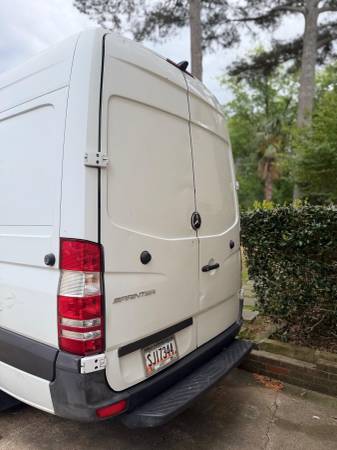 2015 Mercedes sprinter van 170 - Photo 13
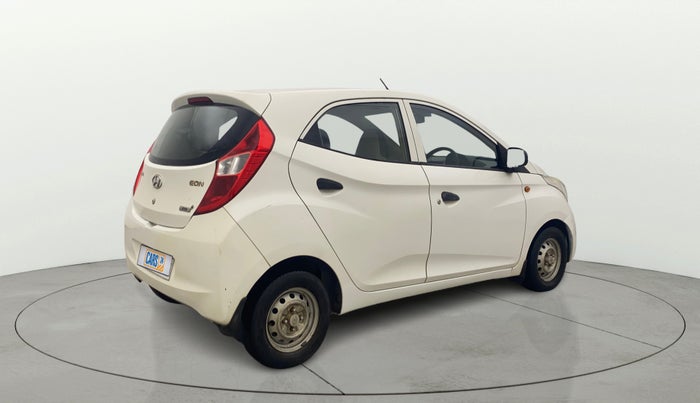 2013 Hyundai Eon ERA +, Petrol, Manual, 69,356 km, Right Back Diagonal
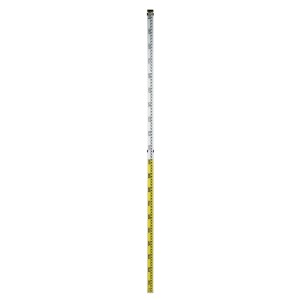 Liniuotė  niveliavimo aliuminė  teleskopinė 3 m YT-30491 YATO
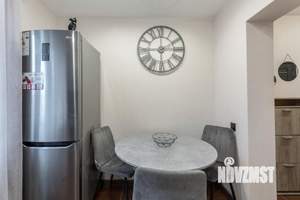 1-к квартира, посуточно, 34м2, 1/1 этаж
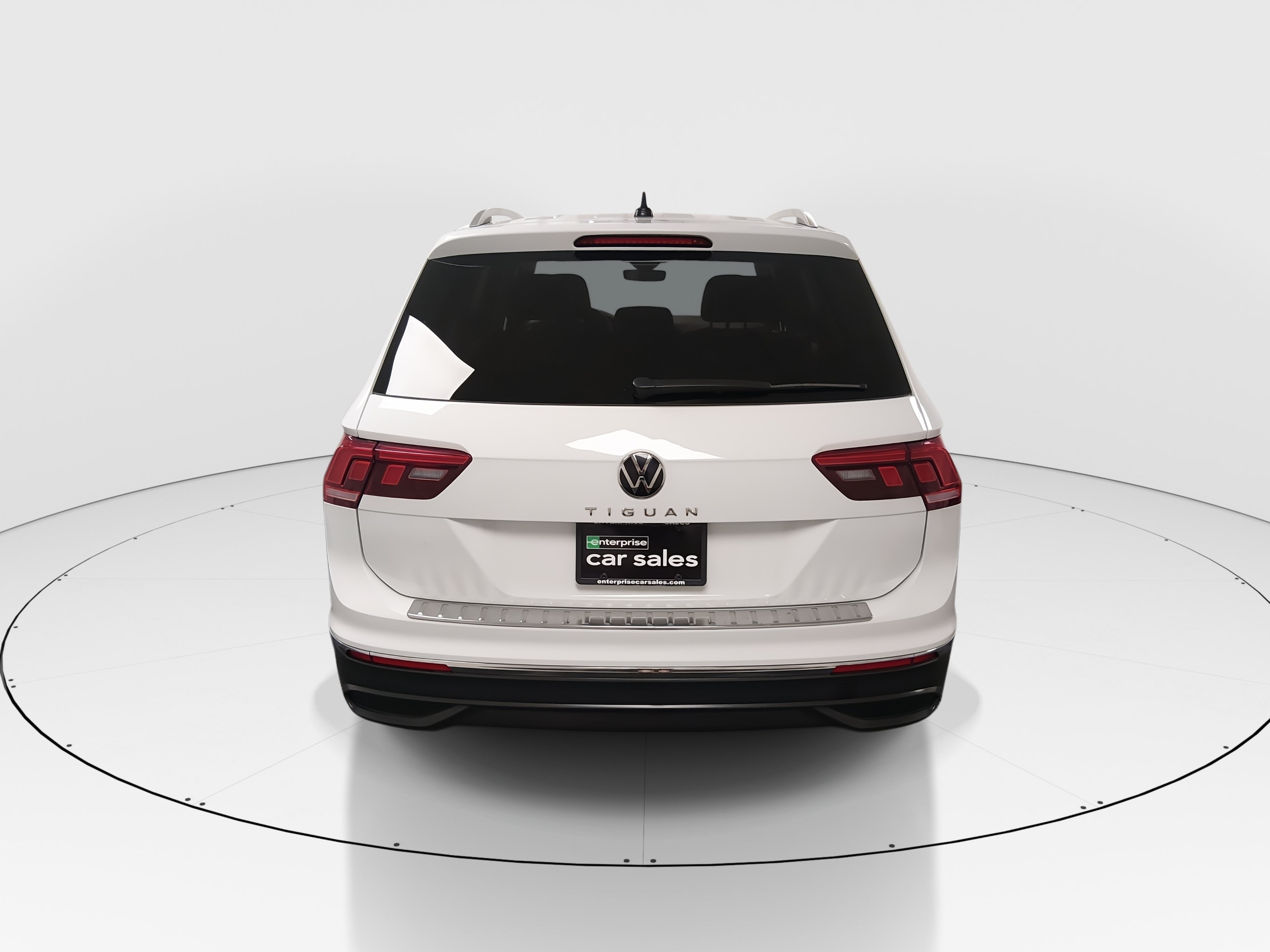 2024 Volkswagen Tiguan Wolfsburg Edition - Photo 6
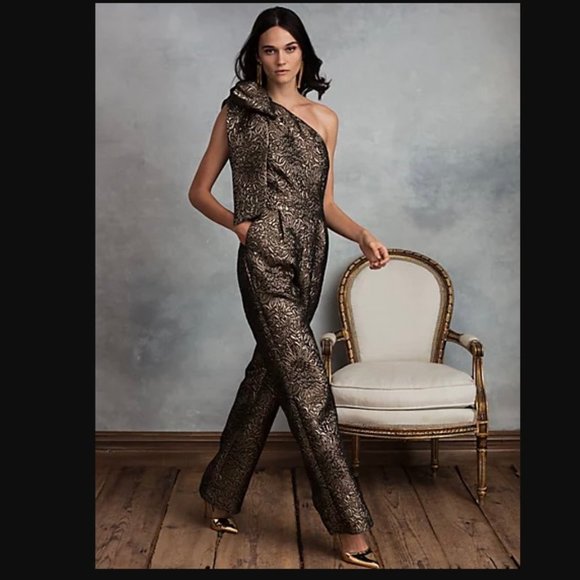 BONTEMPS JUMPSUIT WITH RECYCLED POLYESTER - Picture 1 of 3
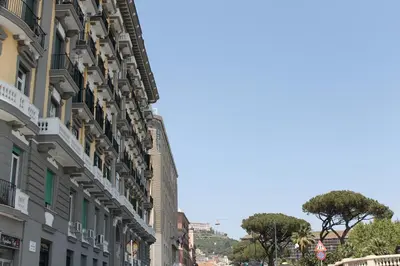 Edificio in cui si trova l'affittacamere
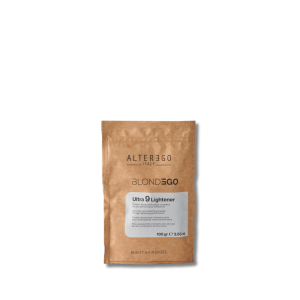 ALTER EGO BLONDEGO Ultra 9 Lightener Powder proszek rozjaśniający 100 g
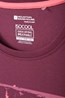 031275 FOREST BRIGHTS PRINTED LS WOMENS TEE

=======

TASK GOAL:
Exactly the lines from the line containing "ALTER EGO BLONDEGO" to the end of the records need to be copied, both ends included, with pictures left out.

OUTPUT OF THE TASK:
 ALTER EGO BLONDEGO Ultra 9 Lightener Powder proszek rozjaśniający 100 g
 031275 FOREST BRIGHTS PRINTED LS WOMENS TEE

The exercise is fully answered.